The biennial WorldPride festival is an acknowledgment of LGBTQ issues “through parades, festivals, and other cultural activities.” The event will be held in February and March to align with Sydney’s famous annual Gay and Lesbian Mardi Gras.
The Australian city was revealed as the victorious bidder on Sunday at a convention for InterPride, the international association of pride organizations, in Athens. Sydney received 60% of votes from InterPride members, with fellow bidding cities Montreal and Houston coming in second and third, receiving 36% and 3% of votes, respectively.
"This is a major win for Sydney, Australia, and the region more broadly," Giovanni Campolo-Arcidiaco, co-chair of Sydney Mardi Gras, the group behind Sydney’s WorldPride proposal, said in a press release.
🚨 BREAKING 🚨 Sydney has won our bid to host WorldPride 2023! 🏳️🌈🌏
— Sydney Gay & Lesbian Mardi Gras (@sydneymardigras) October 20, 2019
Members of the worldwide InterPride network of Pride organisations voted between Sydney, Montreal and Houston as the host city for WorldPride 2023. We won with 60% of the vote.
❤️ WE THANK YOU ALL SO MUCH!!! pic.twitter.com/kEViSaqMt0
The Sydney Mardi Gras team specifically included in their bid the importance of acknowledging the “unique challenges” faced by the Asia-Pacific region’s LGBTQ community.

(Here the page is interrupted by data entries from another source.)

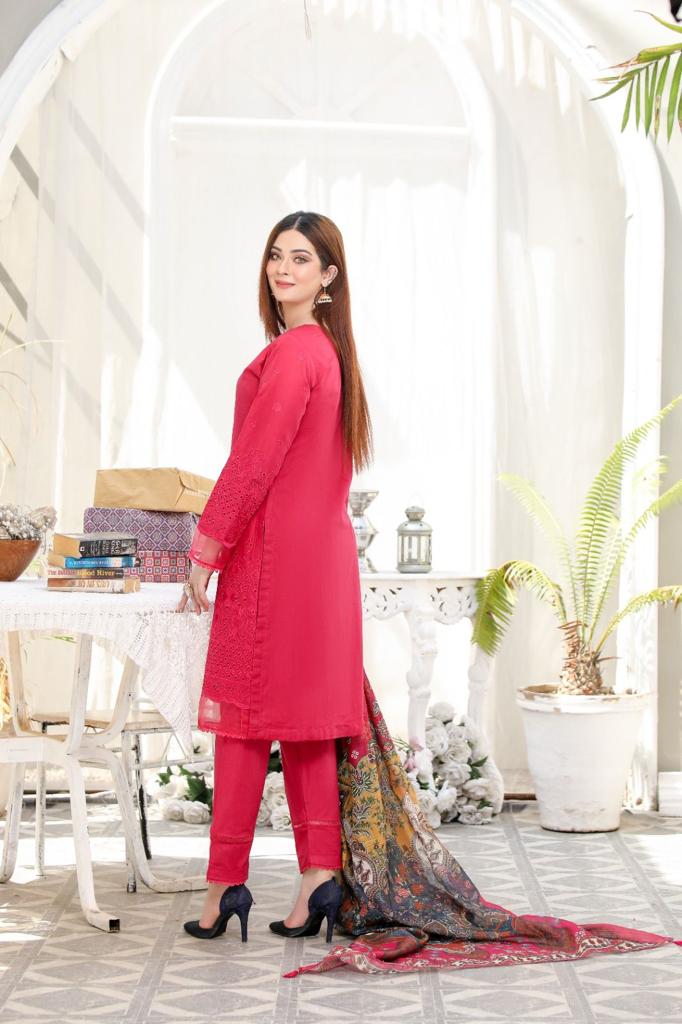 Bin Saeed Red 3 Piece Chikan Kari Suit with Organza Dupatta - Desi Posh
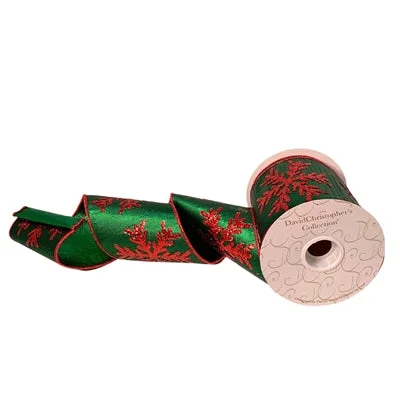 Glitter Metallic Snowflake Ribbon - Red/Green 4”X10YD | IR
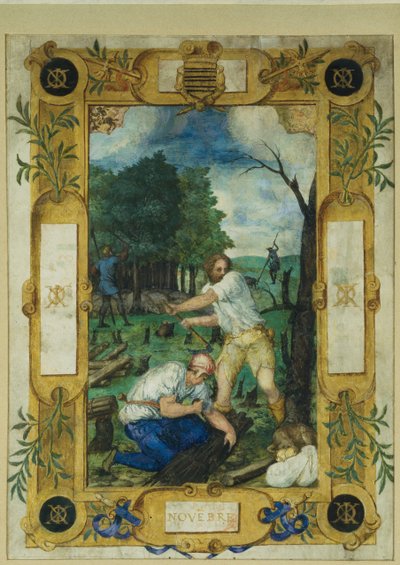 Página de calendário para novembro, derrubando as árvores, de um livro de horas, c.1550-60 de Maitre des Heures de Claude Gouffier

"LGBTQ communities in the region experience some of the worst human rights abuses in the world, but the region is very under-represented in InterPride," the bid read. “Many of our closest neighboring countries do not have the same level of equality and human rights as we do.”
Most nations in the Southeast-Asian region lack LGBTQ anti-discrimination laws; have provisions that make same-sex sexual activity illegal; and forbid citizens from changing their legal gender. Brunei, an Islamic state on the island of Borneo, recently sparked global outrage over plans to impose the death penalty for gay sex.

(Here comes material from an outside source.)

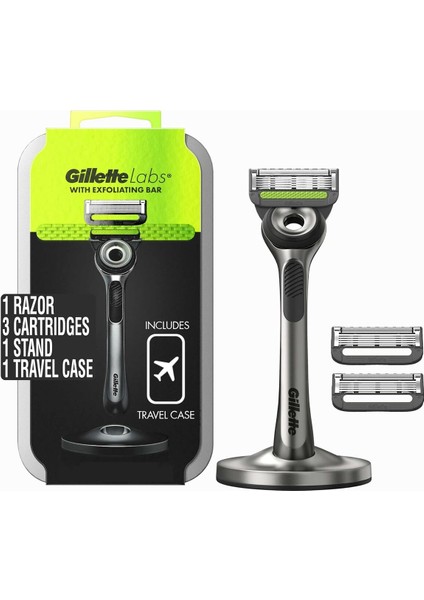 Pratik Seyahat Peeling Çubuğu Tıraş Seti, 3 Yedek Bıçak ve Manyetik Stand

New Zealand, Australia, and Taiwan are the only nations in the Asia-Pacific region to have legalized gay marriage.
Australian politicians overwhelmingly responded positively to Sunday’s announcement.
New South Wales Minister for Tourism Stuart Ayres expects the festival to attract more than one million visitors to Sydney and generate an economic footprint of over $664 million AUD, according to the ABC. Federal Tourism Minister Simon Birmingham echoed Ayres’ comments, announcing that holding the festival in Sydney was “absolutely fitting.”
"It is absolutely fitting that Australia and particularly Sydney celebrate our diversity through such a symbolic event that will also deliver a huge boost to our tourism industry," Birmingham wrote on Twitter. “We are proud to have helped and look forward to an event not to be missed.”
WorldPride was first held in Rome in 2000.
The event occurred every six years between 2000 and 2012 — with Jeresulsam taking charge in 2006, and London in 2012. In 2014, the festival was hosted by Toronto, followed by Madrid in 2017, and finally, New York City in June.
In 2021, WorldPride will be held by two cities for the first time: Danish capital Copenhagen and Malmo, Sweden.